The magnanimity of it is breathtaking?
i’m with raff on this. they shouldn’t be rewarded for trying to run out the clock on someones life.
If payments aren’t allowed to descendants, it rewards the governments delays in justice.
Annie.. Because of the delay and games I am with you…. Normally, I would say that the descendants were not entitled…. Take for instance the other provisions of the US 14th amendment….no compensation for property taken….ie human….. This is interesting as the Indian or native Americans are finally getting some justice for lands taken here….
There were many areas in Germany of forced labor…. Including the Volkswagen ….. This was a nazi regime auto company…..

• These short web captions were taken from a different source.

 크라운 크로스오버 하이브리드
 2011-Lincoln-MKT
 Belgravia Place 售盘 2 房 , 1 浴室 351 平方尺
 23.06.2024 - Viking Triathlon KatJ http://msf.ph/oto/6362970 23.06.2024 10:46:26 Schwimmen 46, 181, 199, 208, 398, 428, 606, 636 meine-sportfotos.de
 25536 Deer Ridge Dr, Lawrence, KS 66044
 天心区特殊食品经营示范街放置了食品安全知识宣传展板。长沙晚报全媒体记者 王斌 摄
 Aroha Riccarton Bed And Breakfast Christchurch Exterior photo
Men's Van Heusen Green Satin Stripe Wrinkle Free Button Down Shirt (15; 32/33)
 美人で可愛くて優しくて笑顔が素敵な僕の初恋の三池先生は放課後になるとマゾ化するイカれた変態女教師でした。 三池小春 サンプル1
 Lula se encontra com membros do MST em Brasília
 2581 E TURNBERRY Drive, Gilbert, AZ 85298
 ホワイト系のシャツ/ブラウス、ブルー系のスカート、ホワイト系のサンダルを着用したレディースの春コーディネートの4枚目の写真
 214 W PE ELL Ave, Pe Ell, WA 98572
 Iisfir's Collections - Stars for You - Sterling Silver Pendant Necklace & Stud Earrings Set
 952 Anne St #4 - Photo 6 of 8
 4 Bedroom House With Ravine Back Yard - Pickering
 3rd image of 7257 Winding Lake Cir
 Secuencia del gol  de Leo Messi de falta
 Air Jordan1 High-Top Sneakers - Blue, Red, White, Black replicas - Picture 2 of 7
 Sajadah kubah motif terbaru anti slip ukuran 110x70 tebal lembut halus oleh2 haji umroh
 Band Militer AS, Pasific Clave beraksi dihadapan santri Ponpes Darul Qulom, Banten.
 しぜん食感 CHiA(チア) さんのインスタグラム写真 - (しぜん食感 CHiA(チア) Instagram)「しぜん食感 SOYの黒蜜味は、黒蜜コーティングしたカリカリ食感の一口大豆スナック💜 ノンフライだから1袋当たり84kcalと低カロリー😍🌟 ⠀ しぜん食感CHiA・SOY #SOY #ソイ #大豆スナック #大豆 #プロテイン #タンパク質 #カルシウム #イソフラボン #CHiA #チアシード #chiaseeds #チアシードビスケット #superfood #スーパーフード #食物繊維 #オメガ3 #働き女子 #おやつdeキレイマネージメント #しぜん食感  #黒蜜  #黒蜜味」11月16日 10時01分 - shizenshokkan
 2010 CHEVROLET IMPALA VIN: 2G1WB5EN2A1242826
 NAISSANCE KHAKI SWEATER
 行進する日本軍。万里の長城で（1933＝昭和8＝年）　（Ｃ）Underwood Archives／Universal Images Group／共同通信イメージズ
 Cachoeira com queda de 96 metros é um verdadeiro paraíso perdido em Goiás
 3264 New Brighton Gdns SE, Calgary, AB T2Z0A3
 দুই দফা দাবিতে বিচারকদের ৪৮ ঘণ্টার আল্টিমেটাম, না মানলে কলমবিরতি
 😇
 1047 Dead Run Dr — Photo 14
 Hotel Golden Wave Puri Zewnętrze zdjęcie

Darren… Excellent article…. I got interested in this subject matter after reading the ultra secret and qbVII….. Absolutely phenomenal… And then with Mike S…. His family history…. And story’s i do recall…. From my own family…..
I am very much against payments to descendants. I am for the pension.
A lump sum to descendants, not payments.
Germany should be giving these pension payouts to next of kin if the ghetto worker has passed away. Germany seems to be doing well financially and it would only a small gesture of reconciliation to these families for the wrong Germany did during those years to them.
Interesting piece. You find a variety of topics. I believe the people who suffered deserve compensation. I do not believe their descendants do. If you get my drift.